The attorney for a controversial catering hall in Eastport told the Southampton Town Planning Board last Thursday that the site had enough parking spaces to accommodate guests.
The exchange was part of the latest chapter in the ongoing struggle between neighbors of the 4,000-square-foot Trumpets at the Gate facility, which opened in 2004 despite a 2002 lawsuit filed against the Planning Board by neighbors who believed that the building did not match the plans drawn up for it.
Lance Keelan and Helen Fehr, who own the facility, have agreed to reduce the size of the hall to 3,450 square feet, but they are proposing to include only 49 parking spaces in their plan, which leaves Planning Board members in doubt over whether that is enough parking for the maximum 113 guests allowed by the business’s certificate of occupancy.
The developers are proposing such a small number of parking spaces because if 50 or more are provided, the project will need to undergo an extensive state-mandated environmental review.
Ten of those parking spaces are at a marina next door to the catering hall, which is also owned by Mr. Keelan and Ms. Fehr.
Their attorney, David Walsh, told the Planning Board that 11 more parking spaces that had originally been “land-banked” as part of an older application for a restaurant at the site could be included in the parking plan for the new application. Land-banked parking spaces are not actual parking spaces, but spots on a site plan where parking can be created if needed.

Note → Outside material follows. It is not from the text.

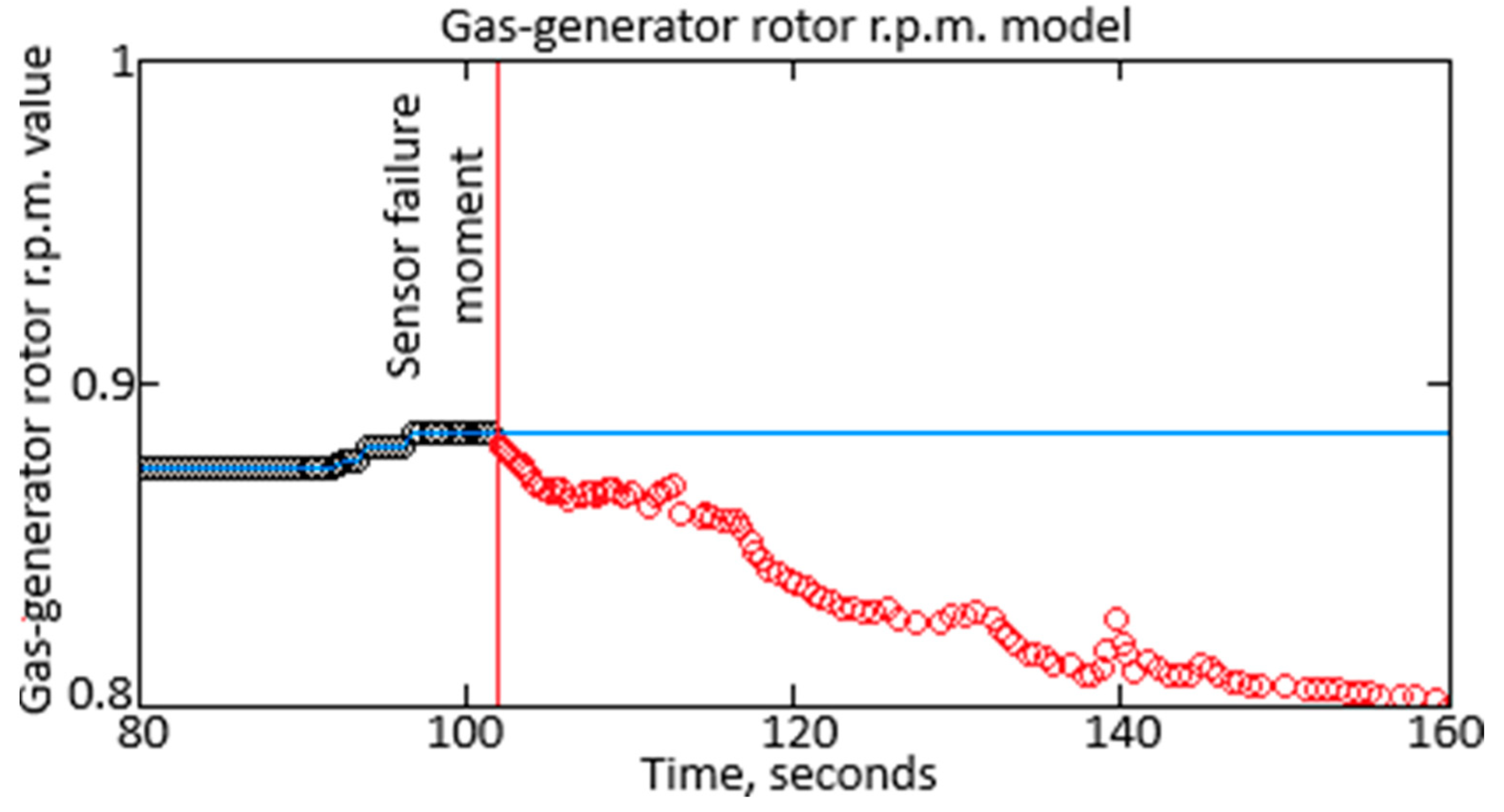 Sensors 25 00990 g007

Members of the Planning Board remained skeptical of the parking plan, which they said was obviously generated to avoid the state environmental review process.
Mr. Walsh said that neighbors of the property have not provided a single photograph or other piece of documentation to indicate that there is a parking problem at the site.
The Planning Board referred the parking scheme to the town’s environmental division for further review.